“Enjoy this recipe with good friends and a glass of medium white wine.”
Xanthe Clay
Carrot and parsnip hash
Serves 2 hungry people
A slow cooked veg delight that is excellent reheated for breakfast if you have any left over. I like to use the drippings from the week-before’s roast – beef, lamb, pork or chicken, they really do improve the flavour – but oil works fine too.
It saves time and trouble to cook extra veg, so there is enough to make a soothing soup for supper too. It uses all the vegetable water as stock, so nothing is wasted. If you like the idea, just double the quantity of carrot, potato and parsnip, and prepare and boil them all together. Divide the mixture in two and keep half in the fridge, along with the cooking water, until you want to make the soup – the recipe is below.
Ingredients
- 200g carrots
- 1 baking potato (weight around 250g)
- 100g parsnips
- 1 red onion
- 1 small clove of garlic
- 2 bay leaves (fresh, ideally)
- 2tbsp dripping or oil
Preparation
Cut the carrots, parsnips and potatoes in 1cm cubes – no need to peel them.
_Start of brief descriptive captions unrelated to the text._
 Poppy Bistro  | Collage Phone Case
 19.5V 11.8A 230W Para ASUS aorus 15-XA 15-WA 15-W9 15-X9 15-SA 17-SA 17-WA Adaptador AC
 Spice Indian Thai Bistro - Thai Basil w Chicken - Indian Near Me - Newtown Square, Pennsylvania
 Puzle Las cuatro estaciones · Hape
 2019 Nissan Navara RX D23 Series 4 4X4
Peel and slice the red onion.
Cooking
Heat 1tbsp dripping or oil in a small non-stick frying pan (one around 18-20cm across the base) and add the onion. Cook until tender and golden. Crush in the garlic and cook for a minute more.
Meanwhile, bring 1l of water to the boil with 1/2tsp salt in a large pan. Add the veg and bay leaves and bring back to the boil. Boil for 7-10 minutes until the potatoes are tender.
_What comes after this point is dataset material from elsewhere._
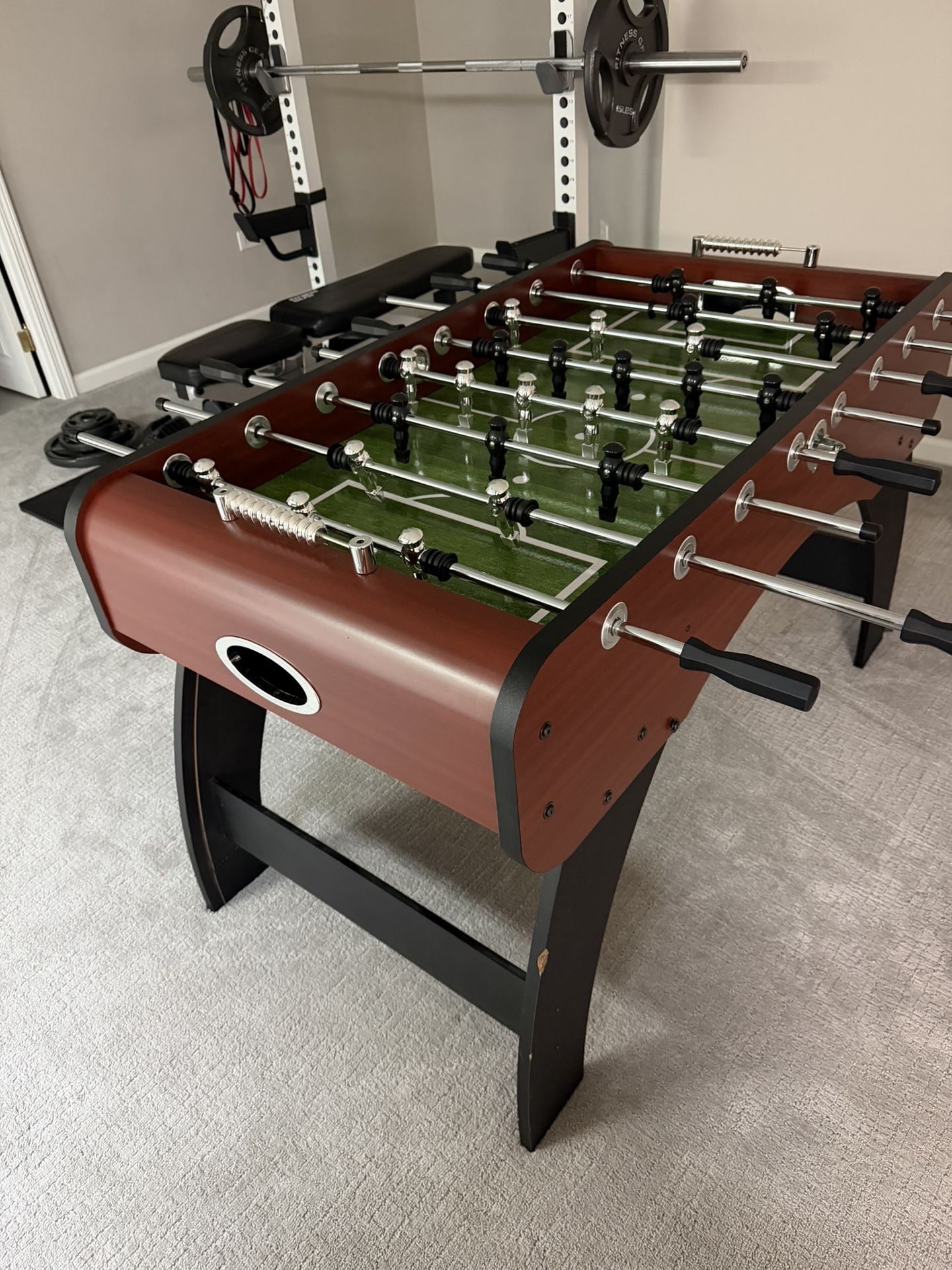 Foosball Table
Drain, keeping the cooking water for the soup below if you are making it. Let the veg dry in the colander for a few minutes. Add the veg to the onion pan and cook over a low heat, stirring occasionally, for half an hour or so, until the veg is beginning to crust with brown. Taste and season with salt and pepper. **
Press the veg down very firmly so it forms a round cake in the frying pan. I find it helps to lay a sheet of non-stick baking parchment over the top and then tamp down the mix with a smaller, flat bottomed pan.
Turn the heat down very low and leave the hash to mutter gently for 20minutes or so, until golden underneath. Slide on to a plate. Add some more dripping or oil to the pan, heat, then invert the hash back into the pan. Press down again, and cook for another 20 minutes or until nicely golden and crusted.
Serve with poached eggs and steamed spring cabbage or broccoli.
** if your frying pan is not as non-stick as it might be, then at this point scrape the mixture into a bowl. Then put a circle of non-stick parchment, and a dab of oil or dripping, in the bottom of the frying pan. Heat until the fat melts, then tip the veg back in the pan and continue as above. It won’t burn, and the hash will turn out beautifully.
TIP: with any slow cooked dish like this, every now and then twitch the handle of the pan to shift the position slightly. Even the best pan won’t spread the heat completely evenly, so this way you’ll avoid hot spots, and so burnt patches forming.